France celebrated Bastille Day Monday with picnics, fireworks and a traditional military parade down the Champs Elysees in Paris. Monday's national holiday also offered a preliminary report card of sorts for French President Jacques Chirac.
Security was tight during the morning military parade down the Champs Elysees in Paris, with almost 5,000 policemen on hand. Last year's Bastille Day was marred by an apparent assassination attempt targeting President Chirac. This year, authorities took no chances.
National and international crises marked the first year of Mr. Chirac's second term in office. Earlier in the year, the French president weathered rocky diplomatic relations with the United States over his staunch opposition to the war in Iraq but basked in widespread popular approval of that policy in France.
The president's approval ratings have since tumbled, partly because of new, domestic reforms pushed by his center-right government. A series of strikes against pension reforms paralyzed French public transportation and other public services in recent months. The French parliament nonetheless passed the pension reform legislation.
Then came strikes by French performing artists over plans to cut their unemployment benefits. Many prestigious arts festivals have since been canceled.
And last week, Corsicans defied Mr. Chirac, and voted against a plan to grant the Mediterranean island wider governing powers.
In his traditional, televised Bastille Day interview, Mr. Chirac warned his people not to resist change.
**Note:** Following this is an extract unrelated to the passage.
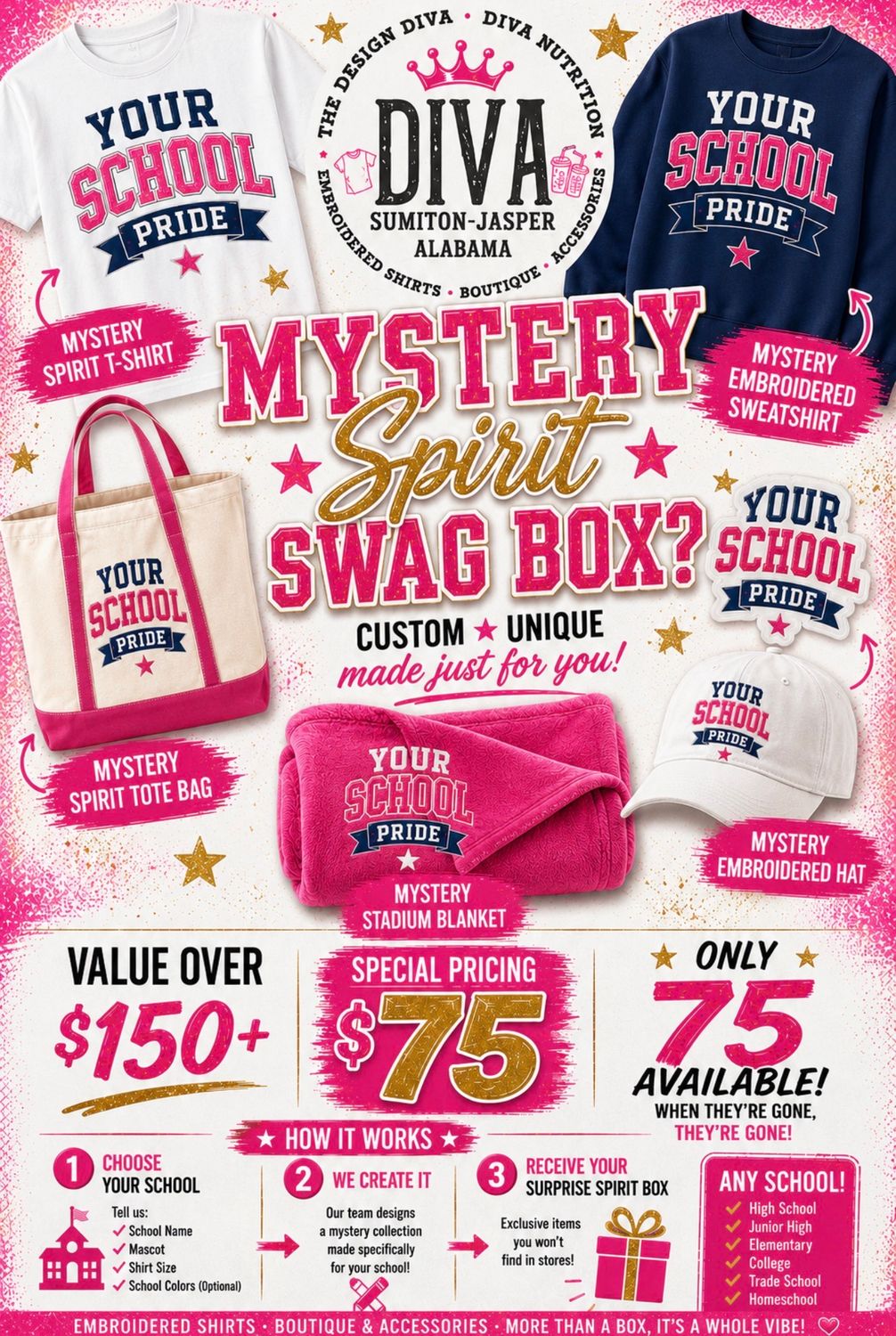 Mystery Spirit Swag Box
The French president said France must not allow itself to be bypassed by world events, but rather must adapt to the changes. In particular, he said, French people must stop assuming the government provides all the answers. He suggested the French need to adjust themselves psychologically to major decentralization measures being proposed by the government.
Mr. Chirac's nationally televised interview was his first in four months, and marked the president's most thorough defense of his prime minister, and the proposed domestic reforms.
But the French president also touched on European issues. He refused to comment on the controversial debut of Italian Prime Minister Silvio Berlusconi as the head of the European Union. But he did suggest that the EU's three percent budget deficit cap should be softened. France again risks surpassing that cap.
Mr. Chirac also reiterated his call for the United Nations, and not the United States, to head Iraq's postwar reconstruction.
The notion of having any country play world policeman is over, Mr. Chirac said. He said current international problems - from poverty to environmental degradation - demand a global authority.
With Mr. Chirac's re-election last May, beating far-right leader Jean-Marie Le Pen by a landslide, and with his center-right UMP party controlling the parliament, the French president is in a very strong position to leave his mark on what could be his last term in office. Some analysts praise Mr. Chirac and his government for embarking on bold reforms. But critics suggest Mr. Chirac's second term has so far produced few, positive achievements.